▶ GOAL OF THE EXERCISE
Using the data below, output the first line and every line after it up to and including the line containing "SMC SV3100-5W1U Solenoid", exactly as written and with nothing added.

^^^^^^^^^^^^^^^^

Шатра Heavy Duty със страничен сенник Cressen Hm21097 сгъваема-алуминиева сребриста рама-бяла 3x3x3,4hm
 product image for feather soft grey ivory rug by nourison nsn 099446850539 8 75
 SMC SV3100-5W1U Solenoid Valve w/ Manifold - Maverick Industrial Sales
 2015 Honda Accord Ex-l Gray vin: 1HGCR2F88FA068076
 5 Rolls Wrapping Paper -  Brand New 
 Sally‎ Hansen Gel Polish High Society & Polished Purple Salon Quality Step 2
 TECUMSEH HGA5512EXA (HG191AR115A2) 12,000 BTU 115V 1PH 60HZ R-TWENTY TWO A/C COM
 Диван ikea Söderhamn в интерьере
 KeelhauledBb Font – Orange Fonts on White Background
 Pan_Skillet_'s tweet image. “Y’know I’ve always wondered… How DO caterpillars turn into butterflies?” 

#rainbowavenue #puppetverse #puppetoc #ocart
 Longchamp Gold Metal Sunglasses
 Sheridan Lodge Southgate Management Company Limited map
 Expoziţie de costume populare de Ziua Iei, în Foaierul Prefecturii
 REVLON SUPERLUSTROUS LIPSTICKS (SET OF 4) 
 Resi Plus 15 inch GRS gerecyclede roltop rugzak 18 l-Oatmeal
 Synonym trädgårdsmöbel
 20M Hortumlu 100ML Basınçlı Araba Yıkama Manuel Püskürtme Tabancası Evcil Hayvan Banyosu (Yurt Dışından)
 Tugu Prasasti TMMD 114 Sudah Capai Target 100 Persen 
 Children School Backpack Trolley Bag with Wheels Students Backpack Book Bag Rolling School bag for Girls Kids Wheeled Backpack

^^^^^^^^^^^^^^^^

▶ REPLY
Шатра Heavy Duty със страничен сенник Cressen Hm21097 сгъваема-алуминиева сребриста рама-бяла 3x3x3,4hm
 product image for feather soft grey ivory rug by nourison nsn 099446850539 8 75
 SMC SV3100-5W1U Solenoid Valve w/ Manifold - Maverick Industrial Sales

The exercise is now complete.